Re: [PATCH 0/6 resend] statfs: handle mount propagation
From: Christian Brauner
Date: Thu May 03 2018 - 09:04:47 EST
On Wed, May 02, 2018 at 05:09:39PM +0100, Al Viro wrote:
> On Wed, May 02, 2018 at 05:42:33PM +0200, Christian Brauner wrote:
> > Hey,
> >
> > This is the second resend of this patchset. I'm not sure whether it has
> > simply been overlooked but the number of people get_maintainer.pl was
> > rather small and seemed a little random so I added Linus and Christoph,
> > two people I know that do look at VFS stuff at least from time to time,
> > although they weren't listed by get_maintainer.pl. I hope that's ok.
> >
> > This little series
> > - unifies the definition of constants in statfs.h and fs.h
> > *Note, that Andreas has expressed doubts whether this unification is
> > useful. Please see https://lkml.org/lkml/2018/4/13/571 . I still think
> > it is but I'm happy to drop these two patches if others agree.*
> > - extends statfs to handle mount propagation. This will let userspace
> > easily query a given mountpoint for MS_UNBINDABLE, MS_SHARED,
> > MS_PRIVATE and MS_SLAVE without always having to do costly parsing of
> > /proc/<pid>/mountinfo.
> > To this end the flags:
> > - ST_UNBINDABLE
> > - ST_SHARED
> > - ST_PRIVATE
> > - ST_SLAVE
> > are added. They have the same value as their MS_* counterparts.
>
> How about some rationale for that in the first place? statfs() looks like
> a bad match for that - not to mention anything else, there's no way to
> get anything beyond "it is a peer of something", not even "do these two
> get propagation between them". What would be using that, what would the
> userland side of users look like, etc...
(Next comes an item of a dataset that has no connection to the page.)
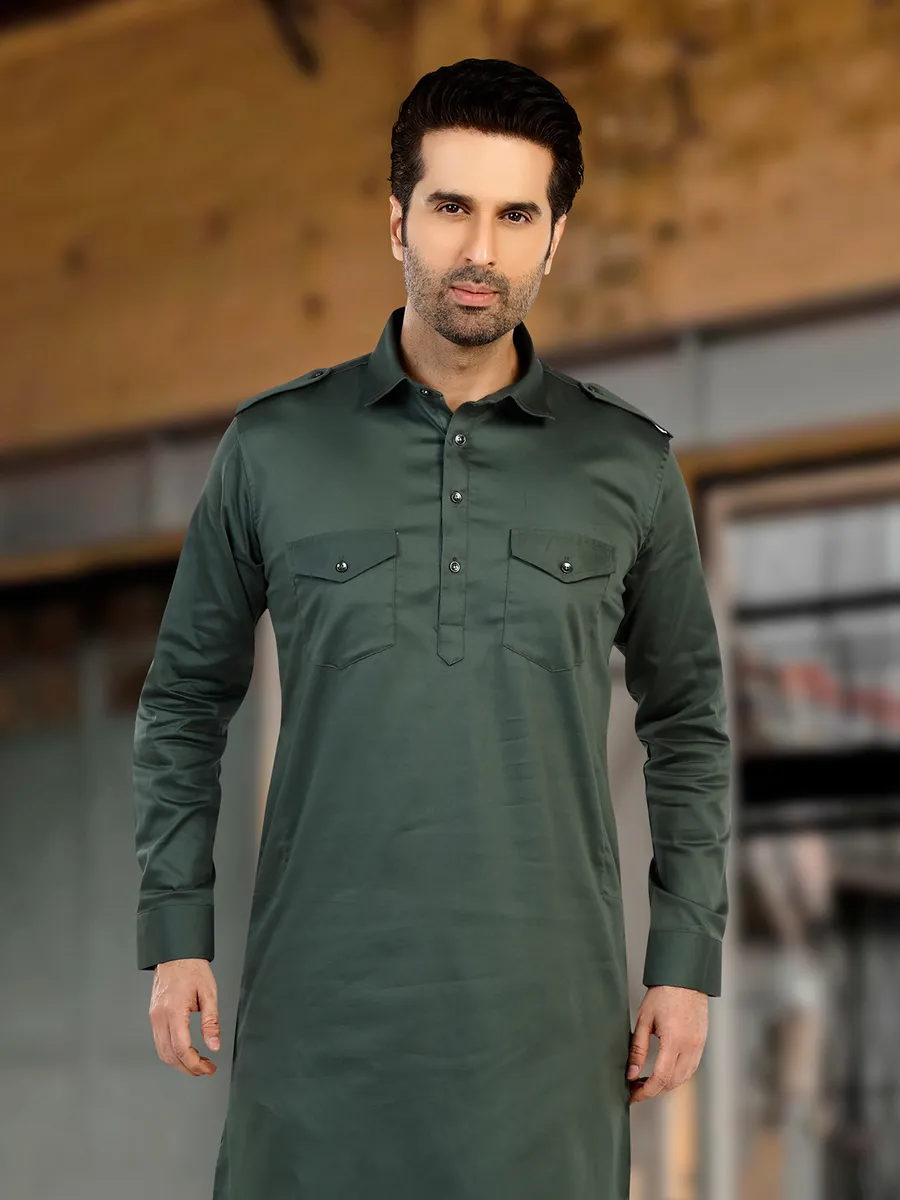 Moss green cotton plain pathani suit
Ok, sorry if I wasn't detailed enough.
>From a userspace perspective we often run into the case where we simply
want to know whether a given mountpoint is MS_SHARED or is MS_SLAVE.
If it is we remount it as MS_PRIVATE to prevent any propagation from
happening. We don't care about the peer relationship or how the
propagation is exactly setup. We only want to prevent any propagation
from happening.
The above case is what I see most often. A more specific use-case is to
differentiate between MS_SLAVE and MS_SHARED mountpoints.
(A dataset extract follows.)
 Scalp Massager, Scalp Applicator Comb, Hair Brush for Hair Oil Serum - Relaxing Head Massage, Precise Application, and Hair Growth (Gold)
Mountpoints that are MS_SLAVE are kept intact and mountpoints that are
MS_SHARED are made MS_PRIVATE.
For both cases the only way to do this right now is by parsing
/proc/<pid>/mountinfo. Yes, it is doable but still it is somewhat costly
and annoying as e.g. those mount propagation fields are optional.
Another problem are scenarios where propagation matters but /proc is not
mounted.
Here are three concrete use-cases I run into frequently:
- (*buzzword alarm*) container runtimes:
They do usually clone(CLONE_NEWNS) and inherit the mount table but
want to remount specific mountpoints to prevent propagation.
Again the specifics of propagation don't matter in this case usually.
- Sharing shared mountpoints:
Sometimes it is desirable to share shared mountpoints between
namespaces.
Say, the first process sets up the shared mountpoint on the host and
all the other ones want to know "Did someone already make this rshared
or do i need to set this up?". It would be very helpful if you could
just check a mount by using the statvfs() syscall.
- I want to know whether a mountpoint is unbindable to e.g. skip it if
it is or remount it.
About how this would work what I simply expect and tested with this
patch was e.g. this:
int ret;
char *s = "/some/path";
struct statvfs sb;
ret = statvfs(s, &sb);
if (ret < 0)
return false;
if (sb.f_flag & ST_SHARED) {
ret = mount("", s, NULL, MS_SLAVE | MS_REC, NULL);
if (ret < 0)
return -1;
}
>
> And in any case linux-api should've been Cc'd. I'm not saying that this
Ah, thanks! Sorry I missed this.
> (or something similar) would be an inherently bad idea, but the question
> "why this way?" deserves a bit more than "parsing is costly"...
I hope some of the above helped to clarify this.
Thanks!
Christian